The Algorithm That Lets Two People Type in the Same Cell — And Why Google's 200ms Magic Nearly Broke Physics
You're typing in cell B4. So is your coworker. Neither of you crashes, overwrites, or loses data. That shouldn't be possible — but it is, thanks to a mathematical breakthrough from Xerox PARC and a war between two competing algorithms that power every collaborative doc on the internet.
The Algorithm That Lets Two People Type in the Same Cell — And Why Google's 200ms Magic Nearly Broke Physics
It's 2:47 PM on a Tuesday. You're in a Google Sheet, typing a formula into cell B4. Halfway through, you notice the cursor. Another cursor. Your coworker Sarah, 3,000 miles away in San Francisco, is typing in the same exact cell.
You both hit Enter.
Neither of you crashes. Neither overwrites the other. The formula merges perfectly — her function name, your arguments, everything intact. You blink. Sarah sends a Slack: "Did you just see that?"
You did. And you have no idea how it worked.
Welcome to the most elegant, brain-bending problem in distributed systems: real-time collaborative editing. The magic that makes Google Docs, Sheets, Figma, and Notion feel like sorcery is powered by algorithms most engineers have never heard of — algorithms born in a Xerox PARC lab in 1995, refined through a decade-long war between two competing mathematical approaches, and implemented in production systems handling billions of keystrokes per day.
This is the story of Operational Transformation (OT) and Conflict-free Replicated Data Types (CRDTs) — two radically different solutions to the same impossible problem. One requires a central brain to coordinate every edit. The other promises a peer-to-peer utopia where servers are optional. Both have been deployed at Google, Figma, and inside the editors you use every day.
And both, in their own way, are miracles.
The Jupiter Problem: When Time Breaks Down
The year is 1995. The web is barely crawling. At Xerox PARC — the same lab that invented the GUI, Ethernet, and the laser printer — two researchers, David Nichols and David Curtis, are staring at a whiteboard covered in arrows.
They're building Project Jupiter, a system for collaborative text editing over the internet.

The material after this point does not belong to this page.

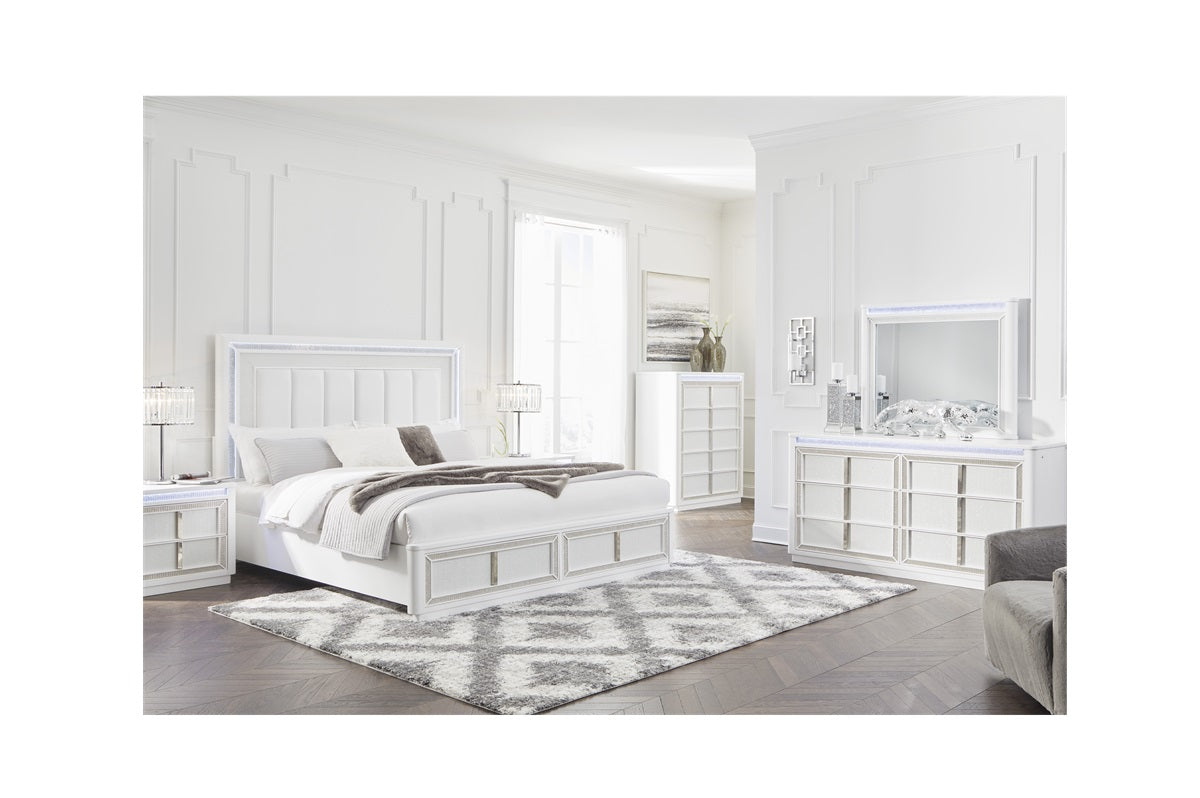 CHALANNA5:Chalanna Storage Bed & Dresser, Styled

The problem seems simple: let two people edit the same document at the same time without destroying each other's work.
But distributed systems don't do "simple."
Imagine two users, Alice and Bob, editing the word "cat":
- Alice is at position 0, about to insert "s" to make "scat"
- Bob is at position 3, about to insert "s" to make "cats"
- Network latency is 200ms
Alice types "s". Her editor shows "scat". She sends the operation to the server: insert(0, 's').
Bob types "s". His editor shows "cats". He sends: insert(3, 's').
The server receives both operations. It applies them in order.
First, Alice's: "cat" → "scat" (insert at 0)
Then, Bob's: "scat" → "scats" (insert at position 3)
But wait. Bob's operation said position 3 — which in his world meant "after cat". But in the server's world, after Alice's operation, position 3 is in the middle of "scat".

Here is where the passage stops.